What is being asked: Every line below should be copied exactly; drop the pictures.
+++
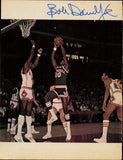 Oscar Robertson, Ray & Weiss Autographed Magazine Page Photo Beckett AE08247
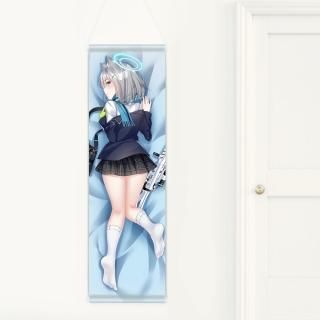 ブルーアーカイブ-Blue Archive- 砂狼シロコ タペストリー 7413310019012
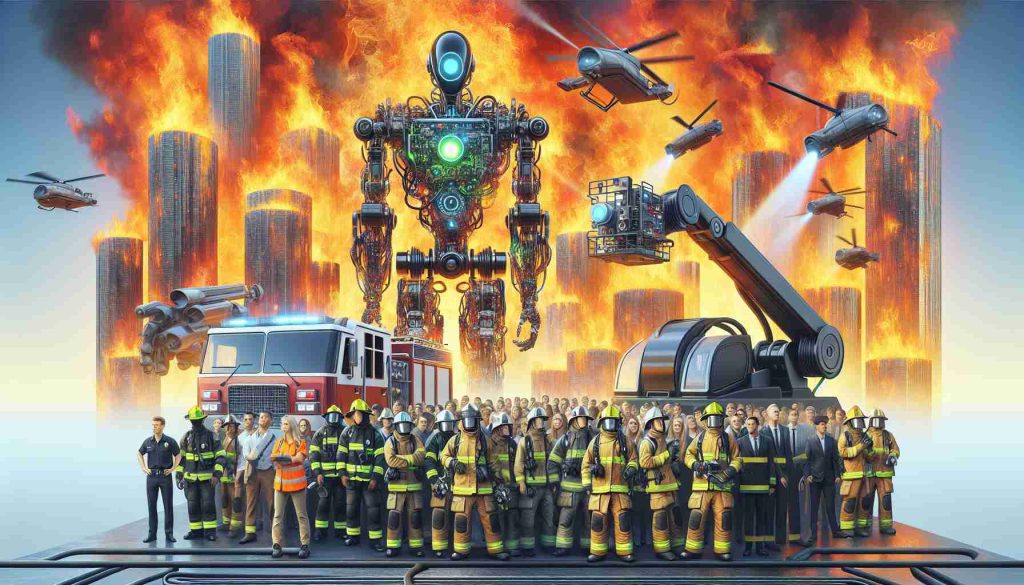 The Future of Firefighting: AI Against Tulipalo. Are We Ready?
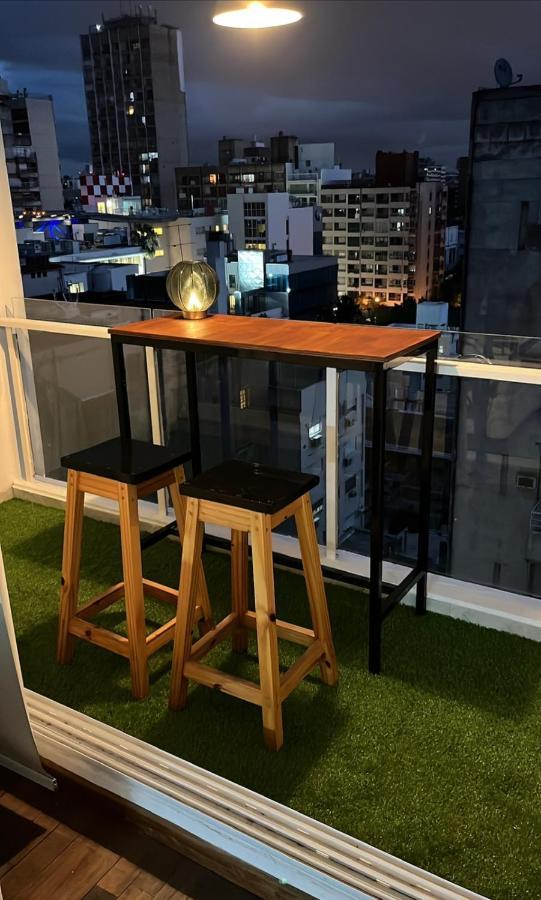 Appartamento Monoambiente Luminoso Y Moderno Rosario Esterno foto
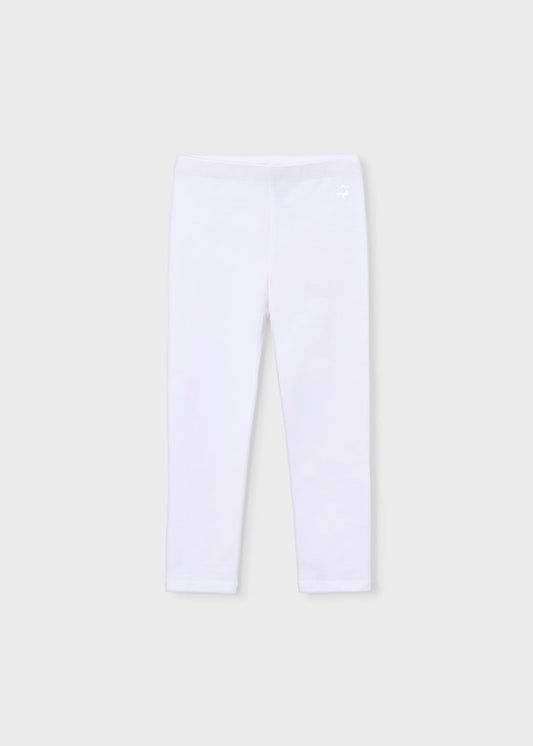 Mayoral Leggings Basic - Weiss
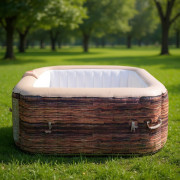 Mobilná (nafukovacia) vírivka Belatrix Sorrento 115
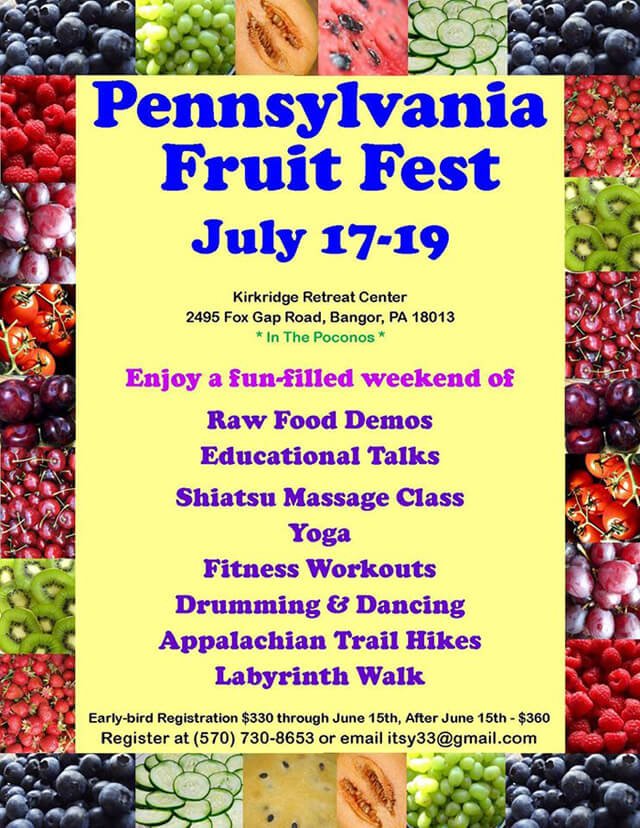 Pennsylvania Fruit Festival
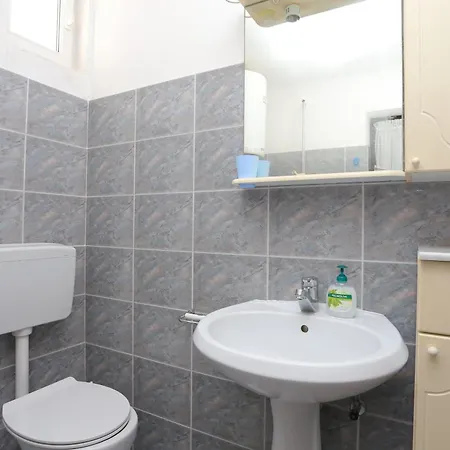 By The Sea Baska Voda, Makarska - 300 Apartamento Baška Voda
+++
Solution to this problem:
 Oscar Robertson, Ray & Weiss Autographed Magazine Page Photo Beckett AE08247
 ブルーアーカイブ-Blue Archive- 砂狼シロコ タペストリー 7413310019012
 The Future of Firefighting: AI Against Tulipalo. Are We Ready?
 Appartamento Monoambiente Luminoso Y Moderno Rosario Esterno foto
 Mayoral Leggings Basic - Weiss
 Mobilná (nafukovacia) vírivka Belatrix Sorrento 115
 Pennsylvania Fruit Festival
 By The Sea Baska Voda, Makarska - 300 Apartamento Baška Voda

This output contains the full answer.